WHAT YOU ARE ASKED TO DO - Which lines in the listing below contain the word "onclick"? Copy each one.

(MATERIAL FOR THE TASK Opens)

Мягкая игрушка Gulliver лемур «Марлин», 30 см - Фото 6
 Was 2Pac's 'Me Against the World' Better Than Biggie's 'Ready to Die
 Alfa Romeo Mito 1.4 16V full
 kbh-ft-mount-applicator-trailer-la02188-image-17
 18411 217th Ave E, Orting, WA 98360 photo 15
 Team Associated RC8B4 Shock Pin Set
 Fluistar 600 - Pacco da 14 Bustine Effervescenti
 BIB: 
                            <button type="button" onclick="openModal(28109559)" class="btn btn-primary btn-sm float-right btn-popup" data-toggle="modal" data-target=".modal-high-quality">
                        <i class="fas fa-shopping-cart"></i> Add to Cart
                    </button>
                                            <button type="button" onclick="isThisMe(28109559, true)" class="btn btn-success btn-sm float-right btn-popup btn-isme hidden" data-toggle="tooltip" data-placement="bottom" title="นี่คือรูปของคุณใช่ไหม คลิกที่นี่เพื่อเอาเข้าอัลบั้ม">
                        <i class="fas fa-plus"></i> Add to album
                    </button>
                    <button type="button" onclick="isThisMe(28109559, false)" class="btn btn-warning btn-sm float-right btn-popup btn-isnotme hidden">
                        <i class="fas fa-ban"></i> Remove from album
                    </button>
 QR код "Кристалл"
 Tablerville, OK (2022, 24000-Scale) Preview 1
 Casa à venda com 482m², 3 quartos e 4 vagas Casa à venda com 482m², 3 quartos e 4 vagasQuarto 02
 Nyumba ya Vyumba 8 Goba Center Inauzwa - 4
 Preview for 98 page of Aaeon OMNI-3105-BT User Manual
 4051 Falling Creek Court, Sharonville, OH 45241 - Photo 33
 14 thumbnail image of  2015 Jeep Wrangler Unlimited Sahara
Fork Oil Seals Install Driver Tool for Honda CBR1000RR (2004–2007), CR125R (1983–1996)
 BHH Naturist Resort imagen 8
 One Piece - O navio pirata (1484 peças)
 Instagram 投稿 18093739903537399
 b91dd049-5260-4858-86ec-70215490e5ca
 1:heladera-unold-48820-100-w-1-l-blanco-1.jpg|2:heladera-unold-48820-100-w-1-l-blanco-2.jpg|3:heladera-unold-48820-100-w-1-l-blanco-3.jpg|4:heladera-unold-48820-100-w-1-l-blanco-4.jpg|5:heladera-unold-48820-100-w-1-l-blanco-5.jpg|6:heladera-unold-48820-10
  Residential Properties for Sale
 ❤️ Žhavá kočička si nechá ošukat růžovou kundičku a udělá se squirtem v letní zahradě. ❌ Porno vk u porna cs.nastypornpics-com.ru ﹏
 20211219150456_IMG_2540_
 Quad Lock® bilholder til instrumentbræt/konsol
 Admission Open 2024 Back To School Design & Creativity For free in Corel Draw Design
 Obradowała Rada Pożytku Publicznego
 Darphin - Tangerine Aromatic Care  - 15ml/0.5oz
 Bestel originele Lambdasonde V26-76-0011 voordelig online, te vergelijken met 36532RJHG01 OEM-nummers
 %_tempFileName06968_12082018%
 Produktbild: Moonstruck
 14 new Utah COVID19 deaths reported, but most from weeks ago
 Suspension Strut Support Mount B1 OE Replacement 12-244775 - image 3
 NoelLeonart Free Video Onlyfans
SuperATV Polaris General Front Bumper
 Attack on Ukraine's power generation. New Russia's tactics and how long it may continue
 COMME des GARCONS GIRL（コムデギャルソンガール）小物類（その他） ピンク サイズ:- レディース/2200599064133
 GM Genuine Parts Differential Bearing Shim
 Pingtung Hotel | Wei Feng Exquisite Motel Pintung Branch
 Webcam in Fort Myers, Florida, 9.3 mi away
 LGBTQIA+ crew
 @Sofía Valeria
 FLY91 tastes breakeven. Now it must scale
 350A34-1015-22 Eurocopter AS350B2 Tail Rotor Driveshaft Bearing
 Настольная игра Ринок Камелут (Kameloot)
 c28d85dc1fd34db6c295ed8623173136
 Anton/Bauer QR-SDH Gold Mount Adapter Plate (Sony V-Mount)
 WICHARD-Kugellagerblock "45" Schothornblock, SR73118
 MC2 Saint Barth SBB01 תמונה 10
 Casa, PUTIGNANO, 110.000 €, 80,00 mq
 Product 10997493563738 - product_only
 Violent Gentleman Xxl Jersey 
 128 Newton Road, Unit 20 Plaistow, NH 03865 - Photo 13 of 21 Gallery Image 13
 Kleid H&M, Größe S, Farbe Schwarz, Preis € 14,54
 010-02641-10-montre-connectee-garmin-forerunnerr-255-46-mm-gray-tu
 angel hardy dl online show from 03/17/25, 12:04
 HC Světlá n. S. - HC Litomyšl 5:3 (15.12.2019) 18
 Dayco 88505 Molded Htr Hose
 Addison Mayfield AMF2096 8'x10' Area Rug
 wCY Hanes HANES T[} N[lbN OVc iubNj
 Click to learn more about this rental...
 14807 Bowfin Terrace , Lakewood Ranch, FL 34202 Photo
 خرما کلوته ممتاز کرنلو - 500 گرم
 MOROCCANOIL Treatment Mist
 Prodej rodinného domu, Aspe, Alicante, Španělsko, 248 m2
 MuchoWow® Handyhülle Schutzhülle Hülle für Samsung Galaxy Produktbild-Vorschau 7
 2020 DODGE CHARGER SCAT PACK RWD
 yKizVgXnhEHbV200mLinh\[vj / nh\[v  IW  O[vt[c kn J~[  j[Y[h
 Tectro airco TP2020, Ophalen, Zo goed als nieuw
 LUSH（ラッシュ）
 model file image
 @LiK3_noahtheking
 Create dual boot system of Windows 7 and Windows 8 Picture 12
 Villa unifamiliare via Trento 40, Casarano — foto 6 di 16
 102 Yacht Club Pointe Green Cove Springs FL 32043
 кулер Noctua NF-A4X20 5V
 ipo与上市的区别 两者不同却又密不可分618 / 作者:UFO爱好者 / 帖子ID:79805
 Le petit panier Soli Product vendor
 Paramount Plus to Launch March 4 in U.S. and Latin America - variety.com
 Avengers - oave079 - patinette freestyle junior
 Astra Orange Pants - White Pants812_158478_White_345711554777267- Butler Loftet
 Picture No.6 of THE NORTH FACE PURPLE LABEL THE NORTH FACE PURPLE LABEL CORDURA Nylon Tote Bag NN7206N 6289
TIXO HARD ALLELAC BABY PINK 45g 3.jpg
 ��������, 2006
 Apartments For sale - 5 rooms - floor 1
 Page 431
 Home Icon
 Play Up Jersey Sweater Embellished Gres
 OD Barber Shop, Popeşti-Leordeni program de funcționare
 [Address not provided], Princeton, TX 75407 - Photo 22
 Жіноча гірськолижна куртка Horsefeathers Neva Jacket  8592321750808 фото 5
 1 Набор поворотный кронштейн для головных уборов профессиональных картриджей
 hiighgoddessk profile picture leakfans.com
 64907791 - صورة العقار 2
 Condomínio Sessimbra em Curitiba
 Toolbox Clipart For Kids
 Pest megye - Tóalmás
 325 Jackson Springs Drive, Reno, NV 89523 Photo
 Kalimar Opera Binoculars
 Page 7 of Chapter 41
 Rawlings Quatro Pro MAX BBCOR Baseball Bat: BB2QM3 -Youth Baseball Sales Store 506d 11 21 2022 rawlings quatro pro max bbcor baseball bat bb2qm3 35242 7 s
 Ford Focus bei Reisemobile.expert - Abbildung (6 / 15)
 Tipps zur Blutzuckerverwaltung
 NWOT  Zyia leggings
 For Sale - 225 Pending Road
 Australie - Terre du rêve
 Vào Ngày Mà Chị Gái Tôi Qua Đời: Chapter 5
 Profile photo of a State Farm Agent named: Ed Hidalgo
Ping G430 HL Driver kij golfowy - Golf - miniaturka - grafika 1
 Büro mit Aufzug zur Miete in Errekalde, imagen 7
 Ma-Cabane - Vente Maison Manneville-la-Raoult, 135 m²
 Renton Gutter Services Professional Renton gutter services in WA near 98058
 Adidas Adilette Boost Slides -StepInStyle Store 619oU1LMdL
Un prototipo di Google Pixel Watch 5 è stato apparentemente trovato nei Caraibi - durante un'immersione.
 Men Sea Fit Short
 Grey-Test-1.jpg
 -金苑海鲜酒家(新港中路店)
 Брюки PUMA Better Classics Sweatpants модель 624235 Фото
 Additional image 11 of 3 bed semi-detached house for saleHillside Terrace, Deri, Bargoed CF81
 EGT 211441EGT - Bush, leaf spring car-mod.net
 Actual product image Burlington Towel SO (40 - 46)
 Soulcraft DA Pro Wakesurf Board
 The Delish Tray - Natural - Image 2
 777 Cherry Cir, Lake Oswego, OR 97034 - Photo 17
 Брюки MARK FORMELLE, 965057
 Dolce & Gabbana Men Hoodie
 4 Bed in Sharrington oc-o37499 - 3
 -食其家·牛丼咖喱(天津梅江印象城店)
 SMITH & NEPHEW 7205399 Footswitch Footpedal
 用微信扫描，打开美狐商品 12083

(MATERIAL FOR THE TASK Closes)

TASK RESULT -
                            <button type="button" onclick="openModal(28109559)" class="btn btn-primary btn-sm float-right btn-popup" data-toggle="modal" data-target=".modal-high-quality">
                                            <button type="button" onclick="isThisMe(28109559, true)" class="btn btn-success btn-sm float-right btn-popup btn-isme hidden" data-toggle="tooltip" data-placement="bottom" title="นี่คือรูปของคุณใช่ไหม คลิกที่นี่เพื่อเอาเข้าอัลบั้ม">
                    <button type="button" onclick="isThisMe(28109559, false)" class="btn btn-warning btn-sm float-right btn-popup btn-isnotme hidden">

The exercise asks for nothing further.